Discussion of Non-GAAP Financial Measures
The table above includesthe following non-GAAP financial measuresfrom our Condensed Consolidated Statements of Operations: cost of product revenue; cost of service revenue; gross margin; gross margin as a percentage of revenue; research and development expense; sales and marketing expense; general and administrative expense; operating income; net income and net income per share. These measures are not presented in accordance with, nor are they a substitute for, U.S. generally accepted accounting principles, or GAAP. In addition, these measures may be different from non-GAAP measures used by other companies, limiting their usefulness for comparison purposes. The non-GAAP financial measures used in the table above should not be considered in isolation from measures of financial performance prepared in accordance with GAAP. Investors are cautioned that there are material limitations associated with the use of non-GAAP financial measures as an analytical tool. In particular, many of the adjustments to our GAAP financial measures reflect the exclusion of items that are recurring and will be reflected in our financial results for the foreseeable future.
We utilize a number of different financial measures, both GAAP and non-GAAP, in analyzing and assessing the overall performance of our business, in making operating decisions, forecasting and planning for future periods, and determining payments under compensation programs. We consider the use of the non-GAAP measures presented above to be helpful in assessing the performance of the continuing operation of our business. By continuing operations we mean the ongoing revenue and expenses of the business excluding certain items that render comparisons with prior periods or analysis of on-going operating trends more difficult, such as non-cash expenses not directly related to the actual cash costs of development, sale, delivery or support of our products and services, or expenses that are reflected in periods unrelated to when the actual amounts were incurred or paid. Consistent with this approach, we believe that disclosing non-GAAP financial measures to the readers of our financial statements provides such readers with useful supplemental data that, while not a substitute for financial measures prepared in accordance with GAAP, allows for greater transparency in the review of our financial and operational performance. In addition, we have historically reported non-GAAP results to the investment community and believe that continuing to provide non-GAAP measures provides investors with a tool for comparing results over time. In assessing the overall health of our business for the periods covered by the tables above and, in particular, in evaluating the financial line items presented in the table above, we have excluded items in the following three general categories, each of which are described below: Acquisition Related Expenses, Other Items, and Stock-Based Compensation Related Items. We also provide additional detail below regarding the shares used to calculate our non-GAAP net income per share. Notes identified for line items in the table above correspond to the appropriate note description below.
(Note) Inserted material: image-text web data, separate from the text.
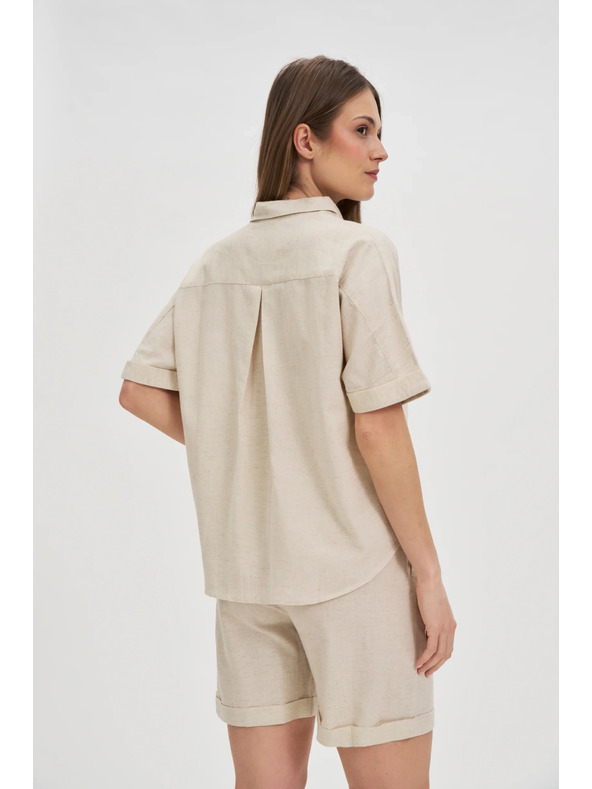 Moodo Béžová ľanená košeľa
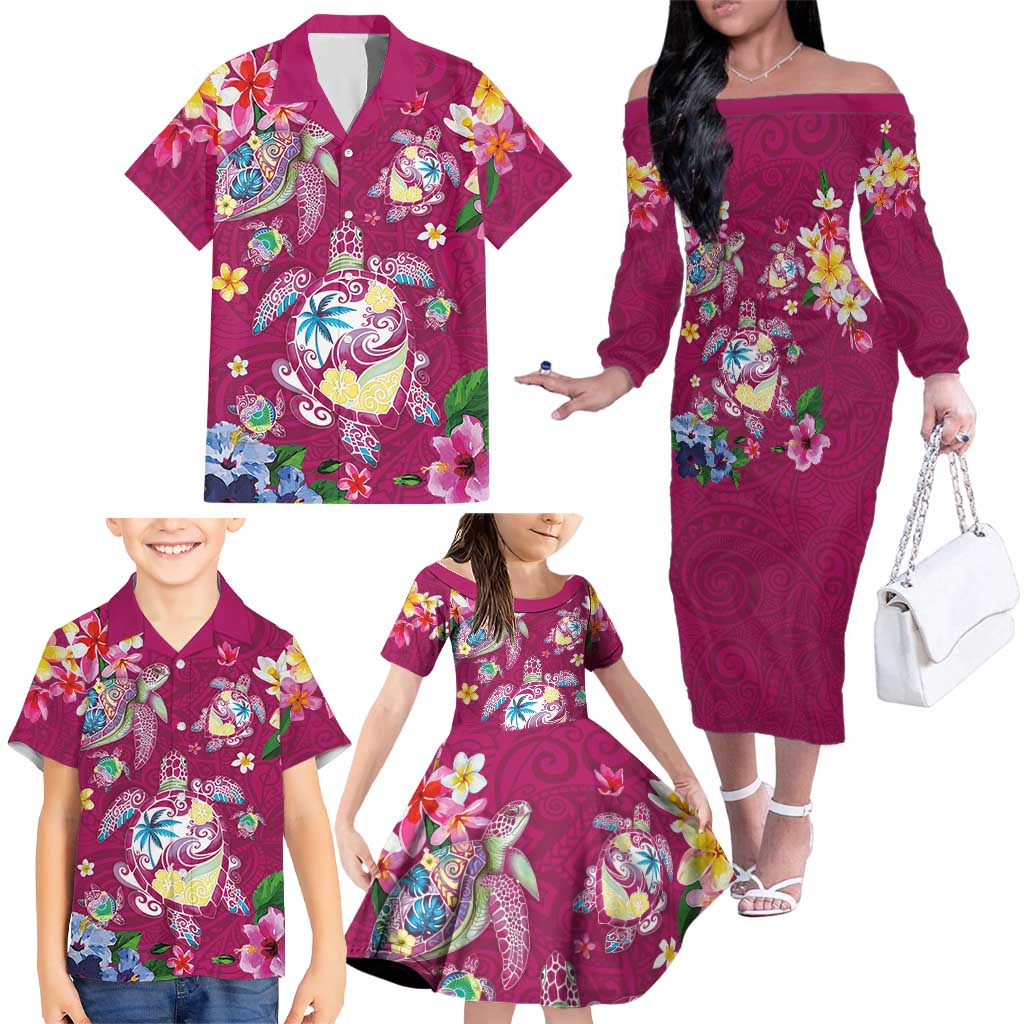 Hawaiian Turtles and Tropical Plants Family Matching Off The Shoulder Long Sleeve Dress and Hawaiian Shirt Pink Watercolor LT03 - Polynesian Pride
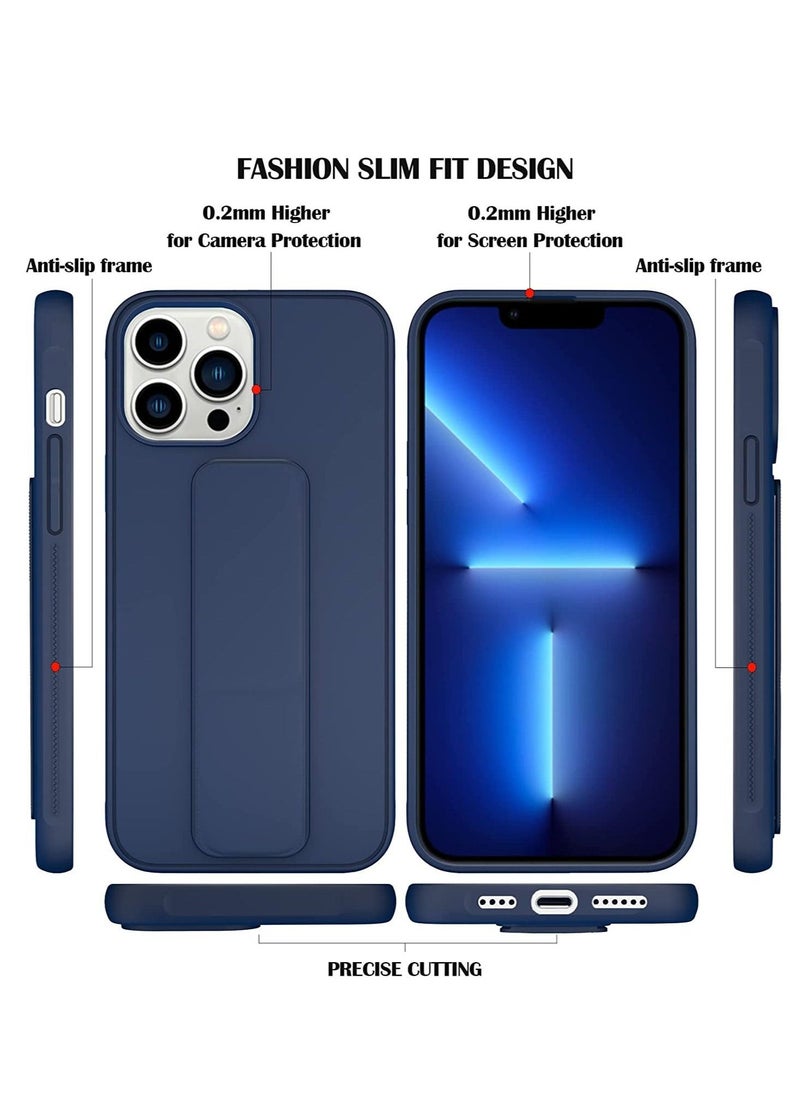 حافظة آيفون 13 برو ماكس، حافظة متعددة الوظائف مع قاعدة مغناطيسية عمودية وأفقية لآيفون 13 برو ماكس، حافظة واقية رقيقة لطيفة من السيليكون مع قاعدة لآيفون 13 برو ماكس، أزرق داكن - Image 3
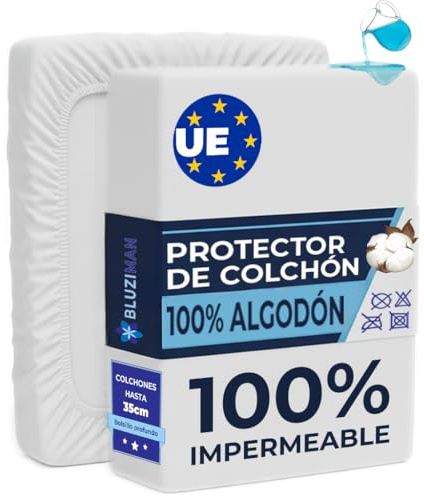 BLUZIMAN® Protector Colchon 90 Impermeable, 100% Algodón Fabricado en España, Altura hasta 35cm, Cubre Colchon Protector de Colchon Anti Acaros, Funda Colchon, Mattress Protector (Cama 90x190/200)
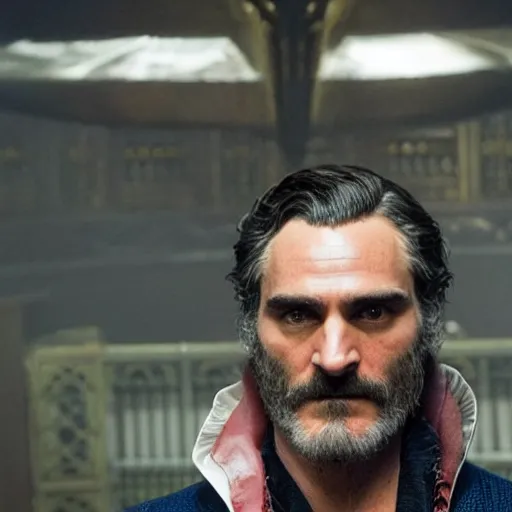 Image similar to A still of Joaquin Phoenix as Dr. Strange. Extremely detailed. Beautiful. 4K. Award winning.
Note A: Acquisition Related Expenses. We excluded certain expense items resulting from acquisitions including the following: (i) amortization of purchased intangible assets associated with our acquisitions; (ii) compensation related to acquisitions; and (iii) acquisition related charges. The amortization of purchased intangible assets associated with our acquisitions results in our recording expenses in our GAAP financial statements that were already expensed by the acquired company before the acquisition and for which we have not expended cash. Moreover, had we internally developed the products acquired, the amortization of intangible assets and the expenses of uncompleted research and development would have been expensed in prior periods. Accordingly, we analyze the performance of our operations in each period without regard to such expenses. In addition acquisitions result in non-continuing operating expenses which would not otherwise have been incurred by us in the normal course of our business operations. For example, we have incurred deferred compensation charges related to assumed options and transition and integration costs such as retention bonuses and acquisition-related milestone payments to acquired employees. We believe that providing non-GAAP information for acquisition-related expense items in addition to the corresponding GAAP information allows the users of our financial statements to better review and understand the historic and current results of our continuing operations, and also facilitates comparisons to less acquisitive peer companies.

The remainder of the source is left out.